Reproduce all of the data below without alteration; exclude every picture.

**Dataset**
____
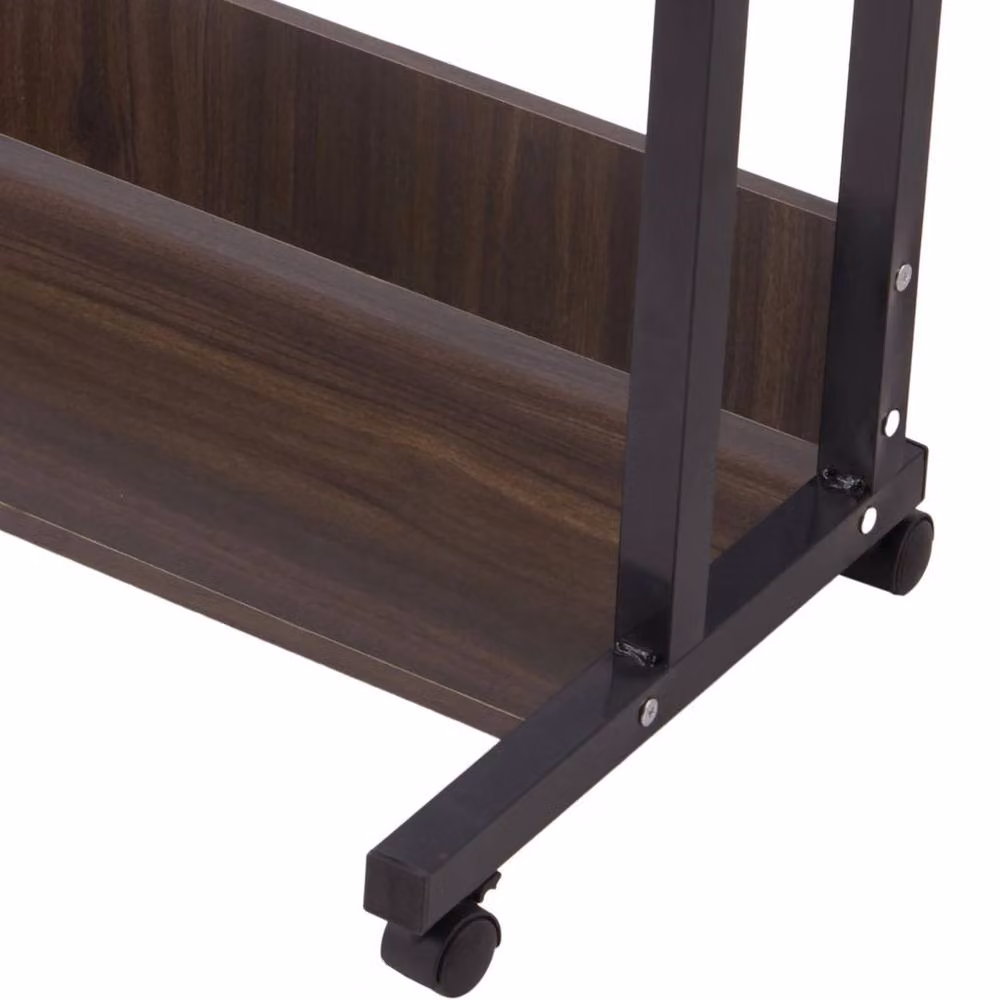 FLAVORA Dark Oak Laptop Desk and Sofa Bed Side Table in Brown, W: 80 cm, D: 45 cm – 3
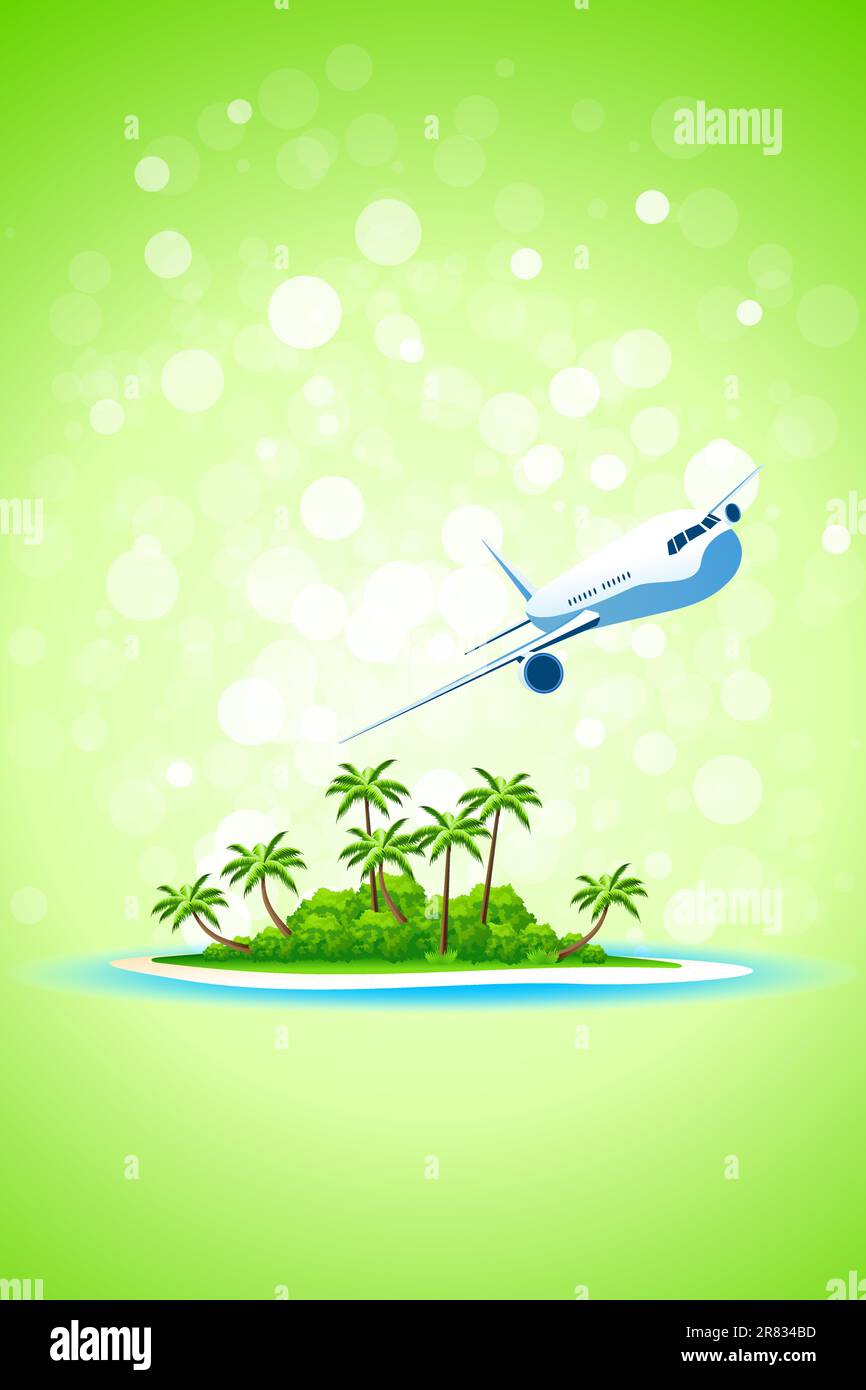 Beach aircraft scene Stock Vector Images - Alamy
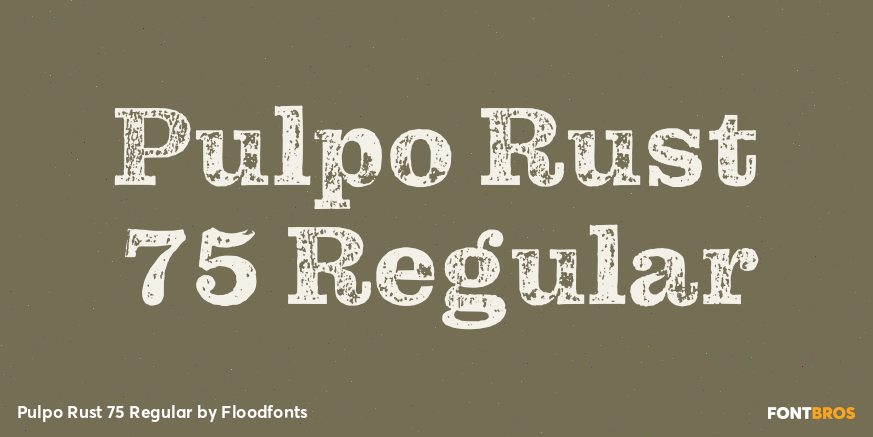 Pulpo Rust 75 Regular Poster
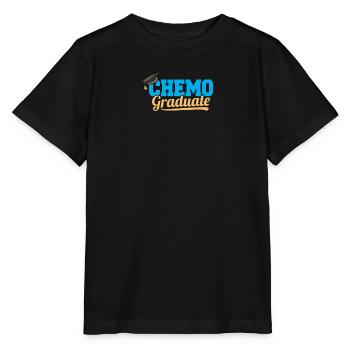 Chemo -Absolventen Chemotherapie -Krebsbewusstsein - Stanley/Stella Kinder T-Shirt MINI CREATOR  - Schwarz - Vorne - Mikhail (115cm)
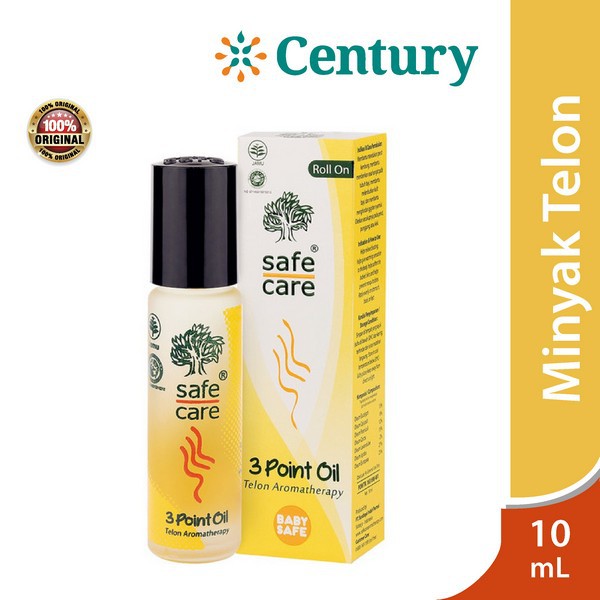 Safe Care Roll On 3 Point Oil Minyak Telon Plus 10 Ml / Masuk Angin / Kembung / Gigitan Nyamuk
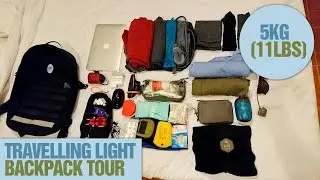 [2016] Travelling Light 5kg (11lbs) backpack tour with a laptop
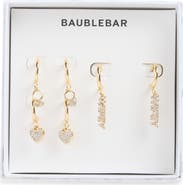 BaubleBar Wifey Material Set of 2 Huggie Hoop Earrings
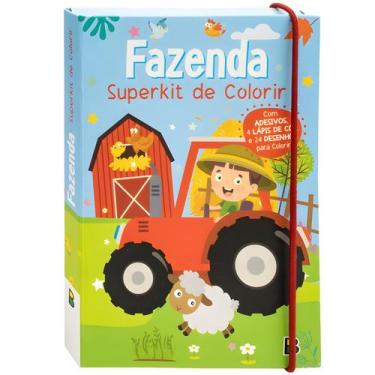 Imagem de Livro Superkit de Colorir - Todolivro - FAZENDA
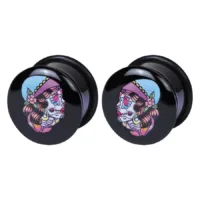 Logo Single Flared Acryl Plug Zigeuner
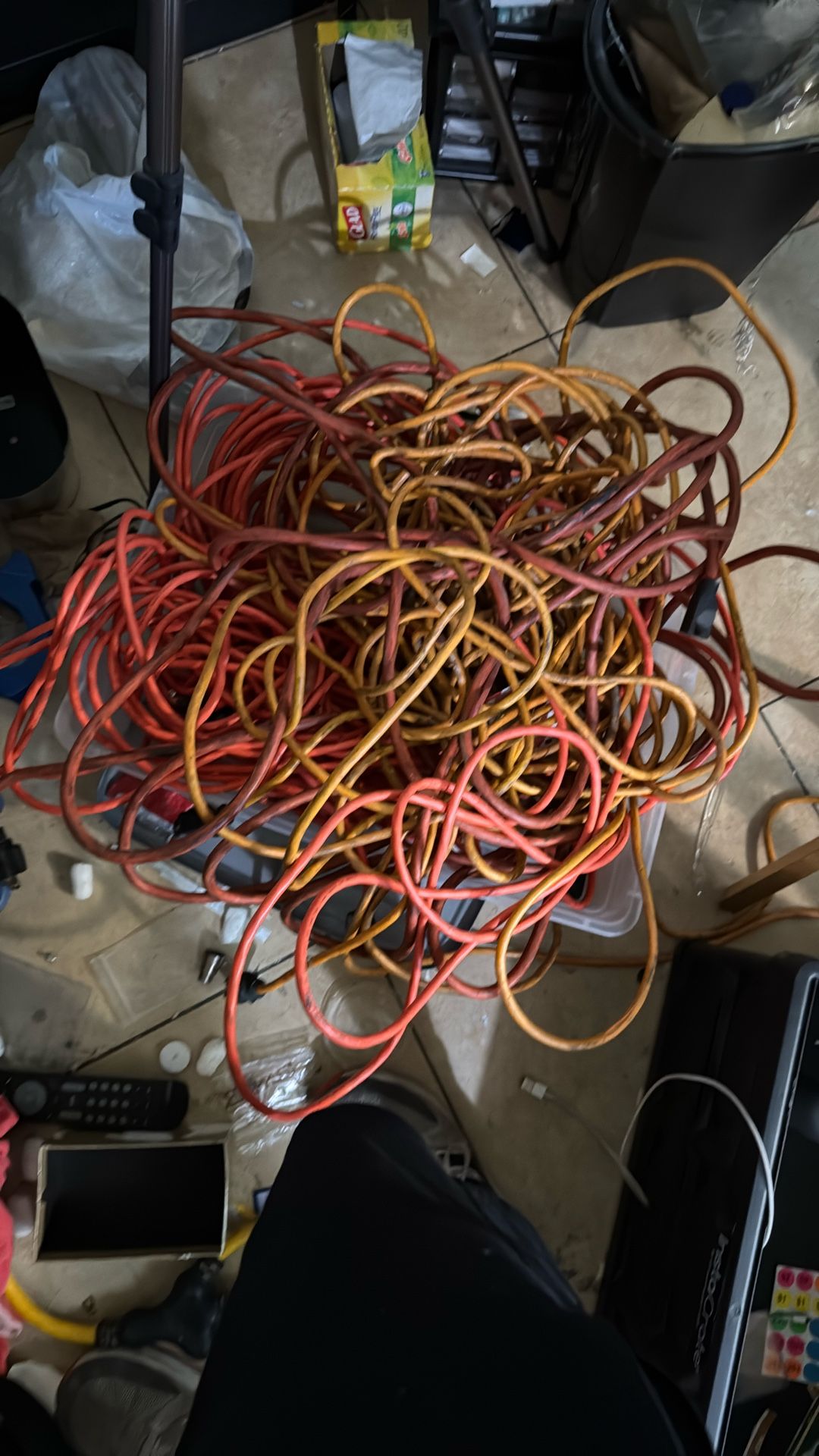 Extension Cords Must Be Gone Today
____
**Result of the exercise**
 FLAVORA Dark Oak Laptop Desk and Sofa Bed Side Table in Brown, W: 80 cm, D: 45 cm – 3
 Beach aircraft scene Stock Vector Images - Alamy
 Pulpo Rust 75 Regular Poster
 Chemo -Absolventen Chemotherapie -Krebsbewusstsein - Stanley/Stella Kinder T-Shirt MINI CREATOR  - Schwarz - Vorne - Mikhail (115cm)
 Safe Care Roll On 3 Point Oil Minyak Telon Plus 10 Ml / Masuk Angin / Kembung / Gigitan Nyamuk
 [2016] Travelling Light 5kg (11lbs) backpack tour with a laptop
 BaubleBar Wifey Material Set of 2 Huggie Hoop Earrings
 Imagem de Livro Superkit de Colorir - Todolivro - FAZENDA
 Logo Single Flared Acryl Plug Zigeuner
 Extension Cords Must Be Gone Today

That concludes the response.